Your instructions:
Nothing but the lines below from the one containing "BTC price returns" through the one containing "Camponotus hyatti specimen" should appear in the answer, exact and without pictures.

Material to process:
*** Begin section ***
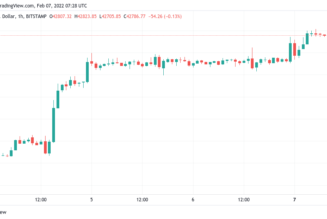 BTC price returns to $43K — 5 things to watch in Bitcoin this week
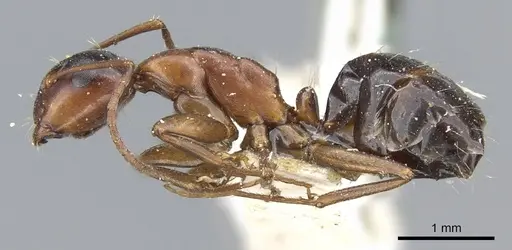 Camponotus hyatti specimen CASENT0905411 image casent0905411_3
*** End section ***
*** Begin section ***
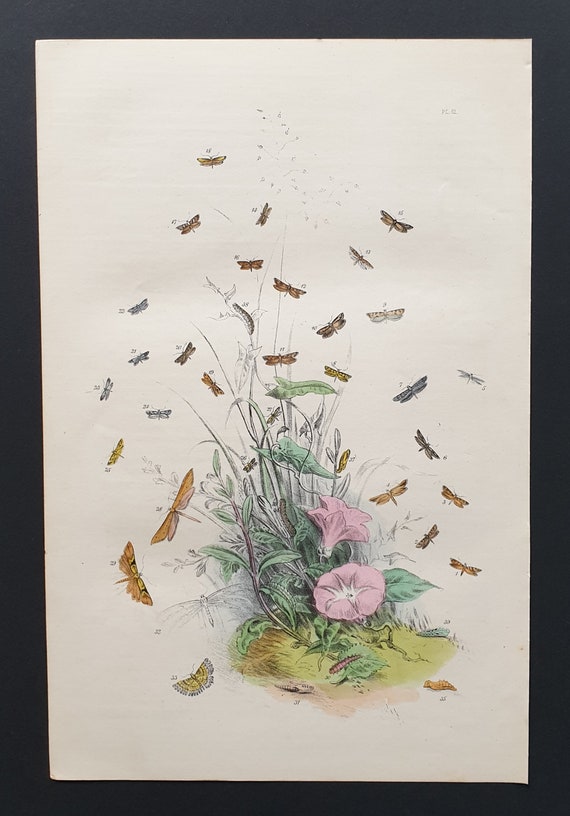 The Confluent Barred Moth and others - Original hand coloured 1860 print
*** End section ***
*** Begin section ***
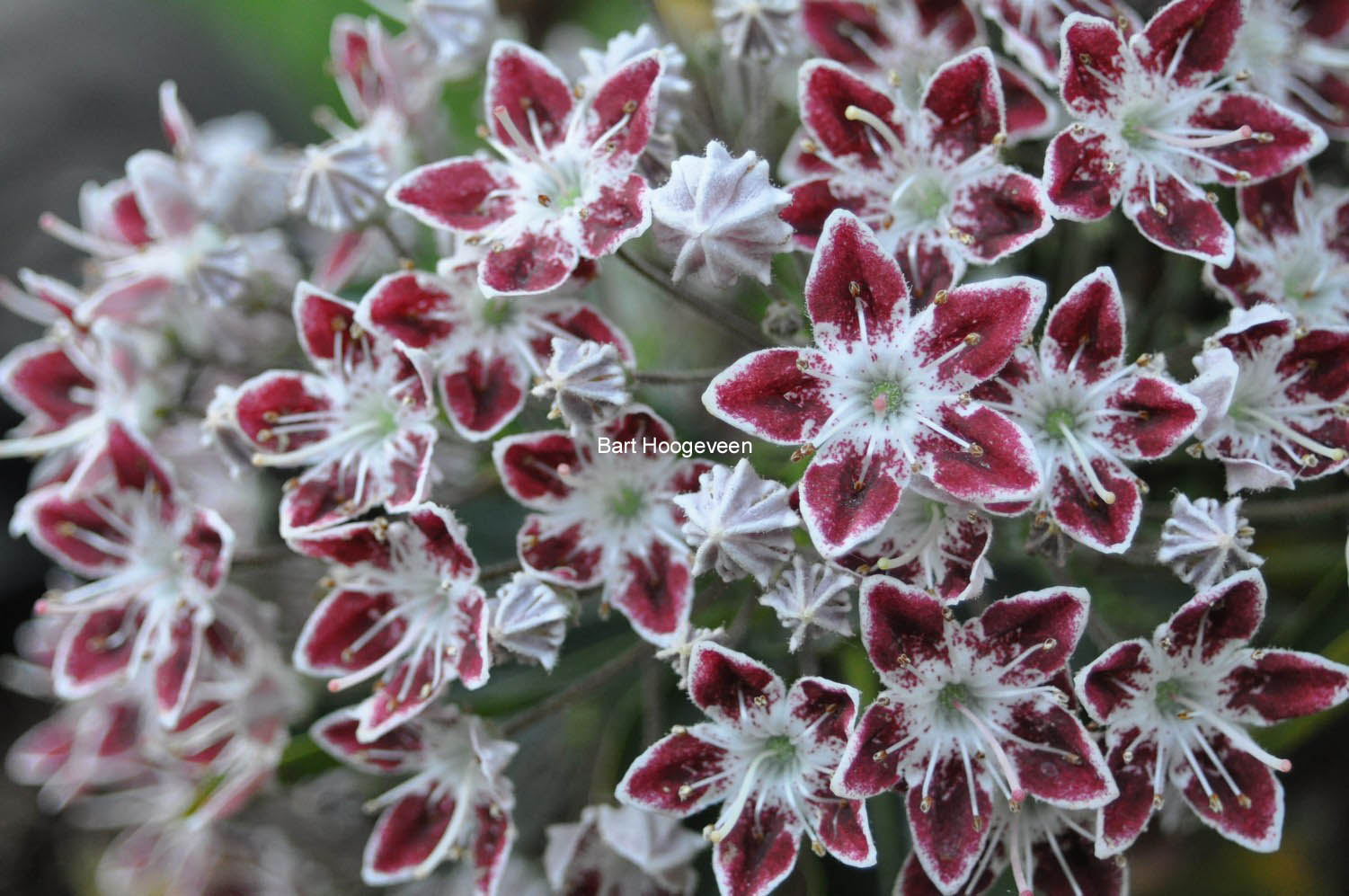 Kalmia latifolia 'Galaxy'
*** End section ***
Answer to the problem:
 BTC price returns to $43K — 5 things to watch in Bitcoin this week
 Camponotus hyatti specimen CASENT0905411 image casent0905411_3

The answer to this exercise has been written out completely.